Python script to extract Kindle highlights from My Clippings.txt

Status: #seedling

#python #tutorial #kindle

For all the book resources in this garden, more specifically - highlights and notes, I'm using Kindle and the My clippings.txt file it generates. When looking to extract the quotes from Love Letters - Virginia Woolf and Vita Sackville-West, for example, I thought to write a script that would look for the title and export the quote + page location in a .MD format. It's flexibile to use and change the output format as needed.

This is the code I used:

import re


def extract_quotes(clippings_file="My Clippings.txt", output_file="virginia-vita.md", target_book_identifier="Virginia Woolf and Vita Sackville-West Love Letters ( etc.) (Z-Library)"):
    """
    Extracts quotes from Virginia Woolf and Vita Sackville-West Love Letters
    from a Kindle clippings file and saves them to a Markdown file.

    Args:
        clippings_file (str): The path to the Kindle clippings file.
        output_file (str): The path to the output Markdown file.
        target_book_identifier (str): The identifier for the target book.
    """

    quotes_found = []

    try:
        with open(clippings_file, 'r', encoding='utf-8') as f:
            content = f.read()
    except FileNotFoundError:
        print(f"Error: The file {clippings_file} was not found.")
        return
    except Exception as e:
        print(f"Error reading {clippings_file}: {e}")
        return

    content = content.replace('\r\n', '\n').replace('\r', '\n')
    clippings = content.split('==========\n')

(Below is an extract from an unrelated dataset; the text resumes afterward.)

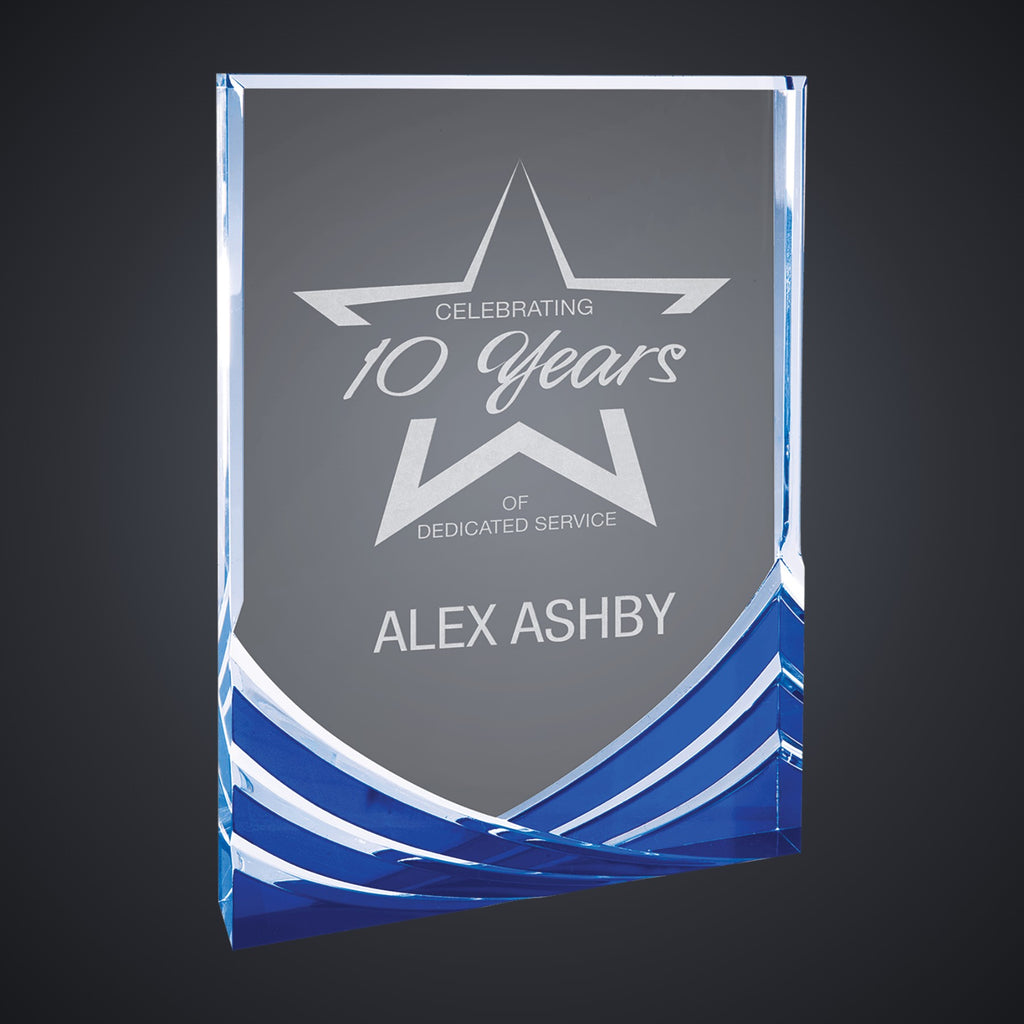 6" x 8" Blue Rectangle Soaring Acrylic engraved award by Buckeye Branding Company, Copley OH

    for clip in clippings:
        lines = [line.strip()
                 for line in clip.strip().split('\n') if line.strip()]
        if not lines:
            continue

        book_title_line = lines[0]

        if target_book_identifier.lower() in book_title_line.lower():
            if len(lines) > 2 and "- Your Highlight on page" in lines[1]:
                info_line = lines[1]

                page_match = re.search(r"page (\d+)", info_line)
                page_number = page_match.group(1) if page_match else "N/A"

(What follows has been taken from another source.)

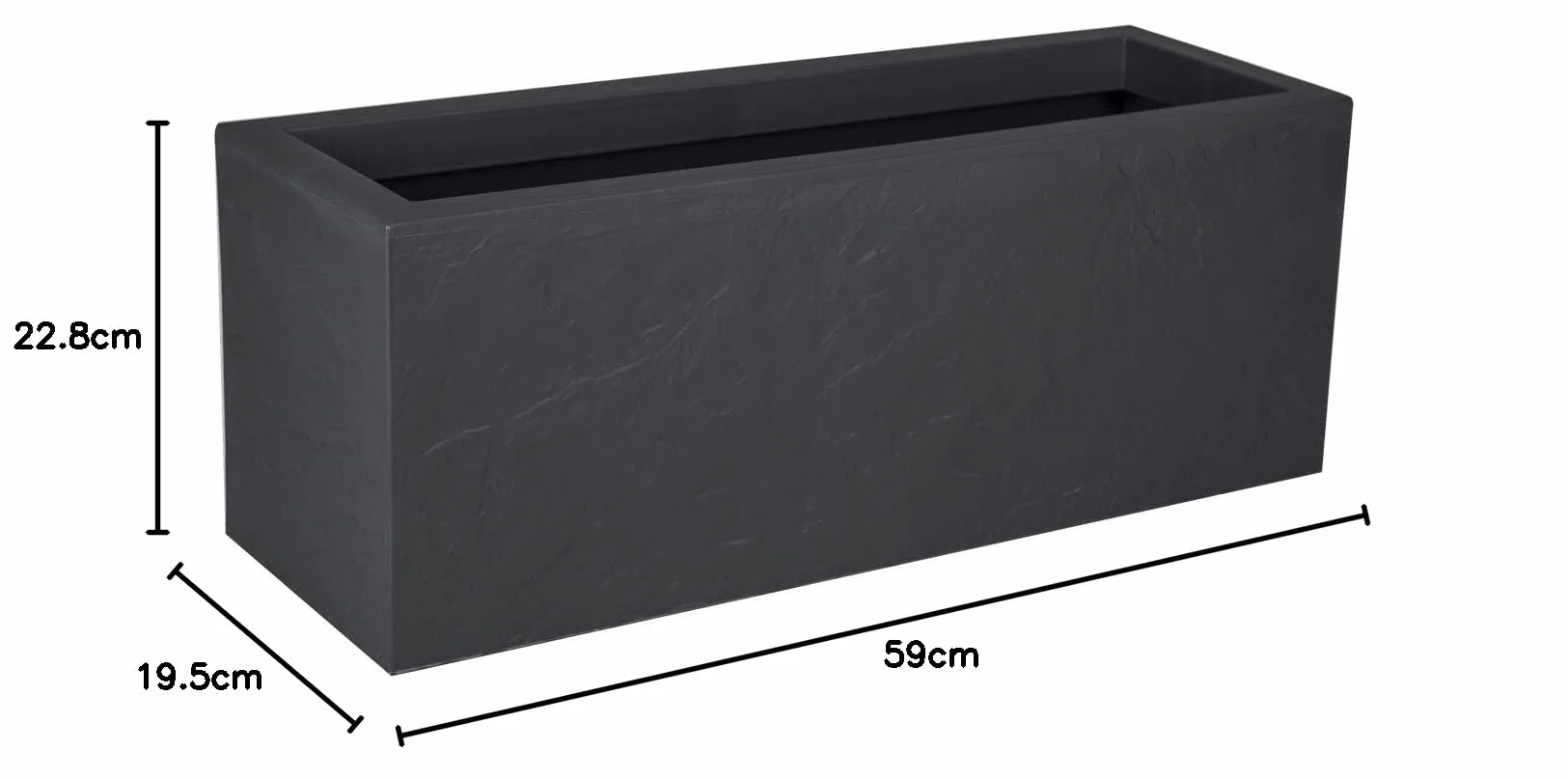Skrzynka balkonowa 25 l antracytowo-szara 59 x 19,5 x 22,8 cm Volcania'Up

                if len(lines) > 2:
                    quote_text = ""
                    if len(lines) > 2:
                        quote_text = "\n".join(lines[2:])

                    if quote_text:
                        quotes_found.append({
                            "quote": quote_text.strip(),
                            "page": page_number
                        })

    if not quotes_found:
        print(f"No quotes found for '{target_book_identifier}'.")
        return

    try:
        with open(output_file, 'w', encoding='utf-8') as f:
            for item in quotes_found:
                f.write(f"> {item['quote']}\n")
                f.write(f"(pages {item['page']})\n\n")
        print(
            f"Successfully extracted {len(quotes_found)} quotes to {output_file}")
    except Exception as e:
        print(f"Error writing to {output_file}: {e}")


if __name__ == "__main__":
    extract_quotes(clippings_file="My Clippings.txt",
                   output_file="virginia-vita.md",
                   target_book_identifier="Virginia Woolf and Vita Sackville-West Love Letters ( etc.) (Z-Library)")

If I will use this more extensively, I'm considering to create a web app that would handle this exact thing with various formatting and output options.